Naima Trailer (2012-2015) is a large-scale outdoor light sculpture that was first installed in a remote area of the Mojave Desert in 2013. Consisting of a chamber of light and glass hidden inside a 1969 Santa Fe travel trailer and large enough for 4 people to sit inside, Naima is an immersive environment for experiencing the cycles of light and time that exist in nature.
Inside Naima, hundreds of handmade cast glass objects collect light from the sky. The interior changes as light shifts throughout the day, sunrise to sunset, or as clouds pass overhead. There is no electric light in Naima. Naima is lit solely by the light of the sun and moon. Light enters Naima through a transparent roof, directly connecting the piece to the sky and its' cycles of day and night, weather, and seasons.
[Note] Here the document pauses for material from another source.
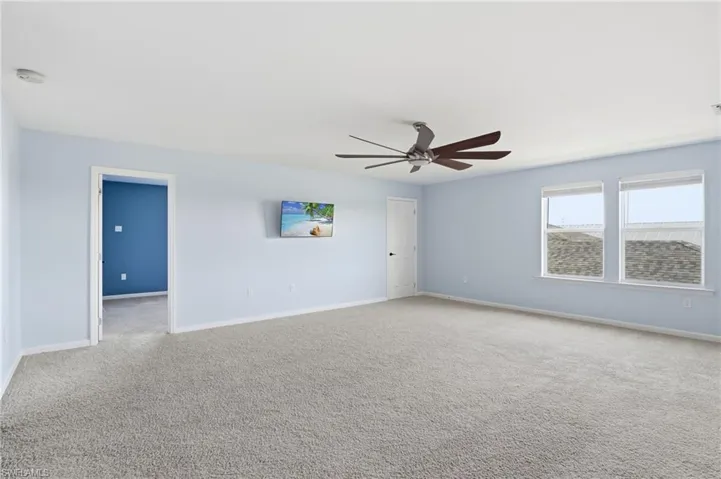 Unfurnished room with carpet flooring and ceiling fan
Naima is built for the slow read, for watching as light shifts in rhythm with the time signature of the natural world. Naima is constantly changing hour by hour as the sun and moon track across the sky or as weather and seasons change, so may be experienced in many different ways over time. Viewers are encouraged to spend time inside the piece, especially to watch sunset, sunrise, clouds passing, or moon rise on a full moon night.
Naima was first installed in the center of a dry lake bed in a remote area of the Mojave Desert as part of High Desert Test Sites 2013, an exhibition curated by Andrea Zittel, Dave Hickey, Libby Lumpkin, and Aurora Tang. The journey to reach Naima at this remote site is an important part of the experience of the work.